Ella negó lentamente con la cabeza.

—No. Quiero que me digas lo que realmente piensas.

Mateo se sentó frente a ella, con las piernas cruzadas. Le tomó las manos.

—Creo que estás hecha para cosas grandes. Y que no siempre voy a poder ir contigo a todas —dijo, con la voz suave, pero firme—. Pero si decides irte... quiero que lo hagas sabiendo que aquí siempre va a haber un lugar para ti.

Los ojos de Stacy se llenaron de lágrimas. No por tristeza, sino por el amor inmenso que había en esas palabras.

—Y tú... —susurró ella—. ¿Qué quieres?

Mateo sonrió, acariciando su rostro.

—Quiero verte feliz. Y si eso incluye Madrid, entonces también será mi alegría.

Esa noche hicieron el amor con una ternura distinta. No había prisa, no había vértigo. Solo ellos, amándose desde el entendimiento y la libertad.

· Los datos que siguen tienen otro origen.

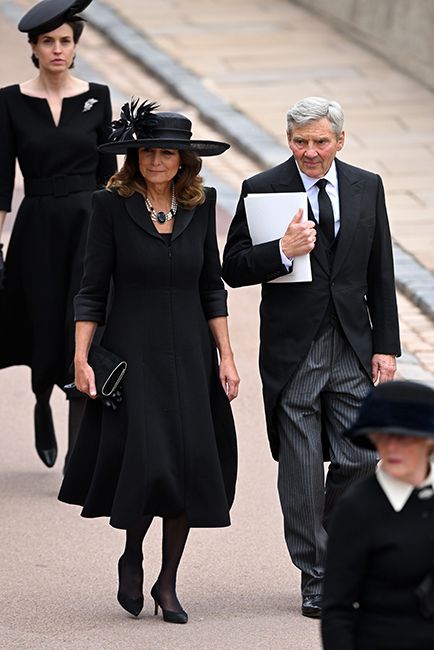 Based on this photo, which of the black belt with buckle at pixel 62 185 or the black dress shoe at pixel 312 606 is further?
the black belt with buckle at pixel 62 185

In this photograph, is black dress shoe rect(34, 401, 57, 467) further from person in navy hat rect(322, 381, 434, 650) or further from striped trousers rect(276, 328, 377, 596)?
person in navy hat rect(322, 381, 434, 650)

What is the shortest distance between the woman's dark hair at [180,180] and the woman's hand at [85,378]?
1.98 feet

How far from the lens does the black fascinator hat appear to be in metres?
5.95

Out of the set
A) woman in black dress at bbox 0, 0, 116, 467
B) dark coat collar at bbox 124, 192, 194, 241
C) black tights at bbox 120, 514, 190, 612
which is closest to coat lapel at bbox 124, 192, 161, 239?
dark coat collar at bbox 124, 192, 194, 241

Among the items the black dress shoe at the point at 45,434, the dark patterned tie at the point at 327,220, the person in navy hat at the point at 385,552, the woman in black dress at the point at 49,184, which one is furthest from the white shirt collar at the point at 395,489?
the black dress shoe at the point at 45,434

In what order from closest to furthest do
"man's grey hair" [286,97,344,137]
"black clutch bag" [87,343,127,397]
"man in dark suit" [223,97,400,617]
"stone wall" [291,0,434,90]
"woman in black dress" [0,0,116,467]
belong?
"black clutch bag" [87,343,127,397]
"man's grey hair" [286,97,344,137]
"man in dark suit" [223,97,400,617]
"woman in black dress" [0,0,116,467]
"stone wall" [291,0,434,90]

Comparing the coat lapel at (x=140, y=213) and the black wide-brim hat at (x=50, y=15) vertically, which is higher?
the black wide-brim hat at (x=50, y=15)

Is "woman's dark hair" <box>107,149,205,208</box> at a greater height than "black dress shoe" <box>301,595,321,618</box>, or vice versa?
"woman's dark hair" <box>107,149,205,208</box>

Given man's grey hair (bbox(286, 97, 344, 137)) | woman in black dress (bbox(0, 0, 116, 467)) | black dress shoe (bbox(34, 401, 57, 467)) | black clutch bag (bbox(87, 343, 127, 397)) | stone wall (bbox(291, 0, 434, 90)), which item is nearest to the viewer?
black clutch bag (bbox(87, 343, 127, 397))

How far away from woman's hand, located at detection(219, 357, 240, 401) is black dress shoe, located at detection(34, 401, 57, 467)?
7.37 feet

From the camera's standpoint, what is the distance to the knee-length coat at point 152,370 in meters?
5.98

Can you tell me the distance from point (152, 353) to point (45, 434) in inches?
92.0

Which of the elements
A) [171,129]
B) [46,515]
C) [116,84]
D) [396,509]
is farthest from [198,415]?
[116,84]

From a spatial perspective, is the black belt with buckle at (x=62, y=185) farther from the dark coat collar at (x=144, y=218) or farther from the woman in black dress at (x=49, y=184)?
the dark coat collar at (x=144, y=218) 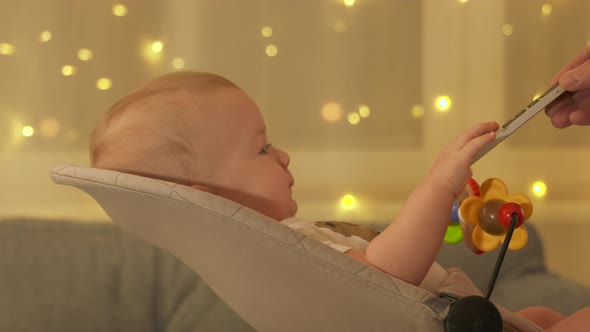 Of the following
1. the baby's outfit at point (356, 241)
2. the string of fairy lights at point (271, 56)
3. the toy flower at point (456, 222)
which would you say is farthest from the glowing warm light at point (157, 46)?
the toy flower at point (456, 222)

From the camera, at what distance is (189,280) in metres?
1.61

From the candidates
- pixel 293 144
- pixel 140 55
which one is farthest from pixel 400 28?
pixel 140 55

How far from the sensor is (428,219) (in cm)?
94

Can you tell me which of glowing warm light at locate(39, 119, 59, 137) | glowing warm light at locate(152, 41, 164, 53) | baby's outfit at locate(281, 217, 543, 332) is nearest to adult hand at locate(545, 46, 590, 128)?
baby's outfit at locate(281, 217, 543, 332)

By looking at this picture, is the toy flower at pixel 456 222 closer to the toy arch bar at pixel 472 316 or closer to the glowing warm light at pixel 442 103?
the toy arch bar at pixel 472 316

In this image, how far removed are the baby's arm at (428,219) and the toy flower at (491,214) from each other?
0.29 ft

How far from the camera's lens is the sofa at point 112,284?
1495 mm

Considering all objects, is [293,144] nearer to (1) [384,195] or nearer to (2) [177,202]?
(1) [384,195]

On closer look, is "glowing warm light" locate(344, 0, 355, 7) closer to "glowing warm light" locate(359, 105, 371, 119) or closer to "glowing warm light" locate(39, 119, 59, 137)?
"glowing warm light" locate(359, 105, 371, 119)

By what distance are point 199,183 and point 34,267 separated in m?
0.66

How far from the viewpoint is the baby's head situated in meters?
1.03

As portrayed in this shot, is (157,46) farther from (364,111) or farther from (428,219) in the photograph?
(428,219)

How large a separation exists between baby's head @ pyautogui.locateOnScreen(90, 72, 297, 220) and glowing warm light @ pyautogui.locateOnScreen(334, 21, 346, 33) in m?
0.99

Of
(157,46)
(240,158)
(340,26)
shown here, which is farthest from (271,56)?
(240,158)
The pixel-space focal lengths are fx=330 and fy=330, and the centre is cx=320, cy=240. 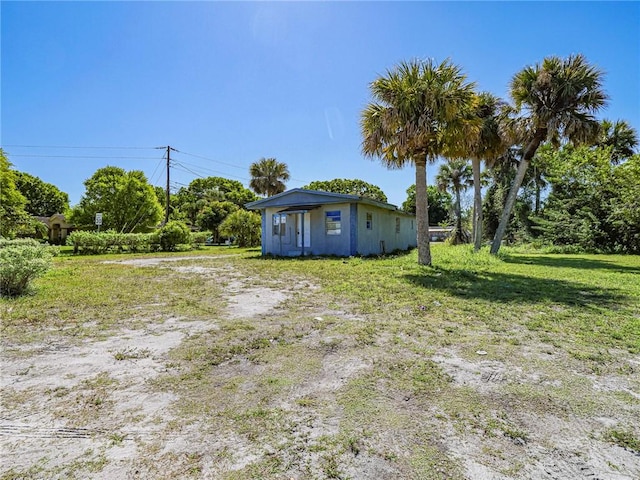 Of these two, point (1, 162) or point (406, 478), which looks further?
point (1, 162)

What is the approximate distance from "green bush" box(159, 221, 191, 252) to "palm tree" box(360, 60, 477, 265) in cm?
1560

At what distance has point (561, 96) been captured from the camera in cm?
1366

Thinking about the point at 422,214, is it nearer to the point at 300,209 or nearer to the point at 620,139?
the point at 300,209

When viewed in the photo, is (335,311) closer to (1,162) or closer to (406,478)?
(406,478)

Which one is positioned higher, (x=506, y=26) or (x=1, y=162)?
(x=506, y=26)

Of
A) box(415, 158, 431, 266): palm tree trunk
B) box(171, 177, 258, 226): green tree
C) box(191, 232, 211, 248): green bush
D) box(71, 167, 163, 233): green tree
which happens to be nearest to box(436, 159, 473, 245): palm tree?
box(415, 158, 431, 266): palm tree trunk

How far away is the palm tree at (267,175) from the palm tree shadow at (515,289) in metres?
24.2

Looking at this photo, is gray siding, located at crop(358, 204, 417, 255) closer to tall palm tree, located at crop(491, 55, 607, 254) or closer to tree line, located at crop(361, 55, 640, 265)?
tree line, located at crop(361, 55, 640, 265)

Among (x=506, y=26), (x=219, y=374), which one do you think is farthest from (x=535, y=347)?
(x=506, y=26)

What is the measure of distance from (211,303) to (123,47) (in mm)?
9120

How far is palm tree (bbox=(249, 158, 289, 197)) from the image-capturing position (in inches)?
1240

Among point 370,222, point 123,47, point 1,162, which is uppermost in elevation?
point 123,47

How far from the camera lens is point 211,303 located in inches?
233

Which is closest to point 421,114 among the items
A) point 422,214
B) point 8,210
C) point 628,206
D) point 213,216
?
point 422,214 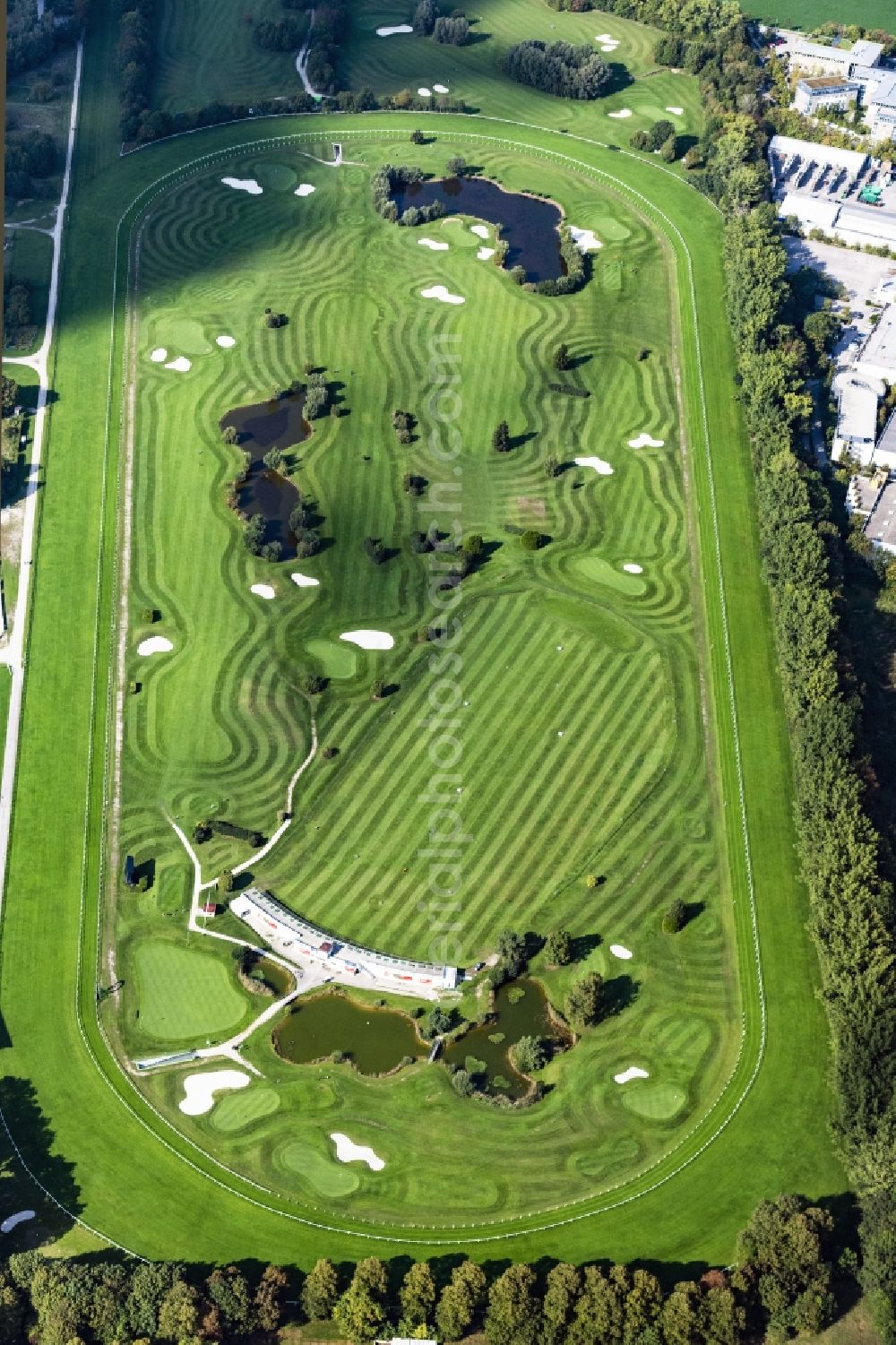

Al amanecer, Stacy despertó con el corazón apaciguado. Aún no tenía la decisión final, pero sabía que no estaban en riesgo. Lo suyo era más fuerte que la distancia, más profundo que el miedo.

Mateo, desde la cocina, preparaba café. Y mientras lo hacía, tarareaba una melodía antigua, como si por fin estuviera en paz con el ritmo de su nueva vida.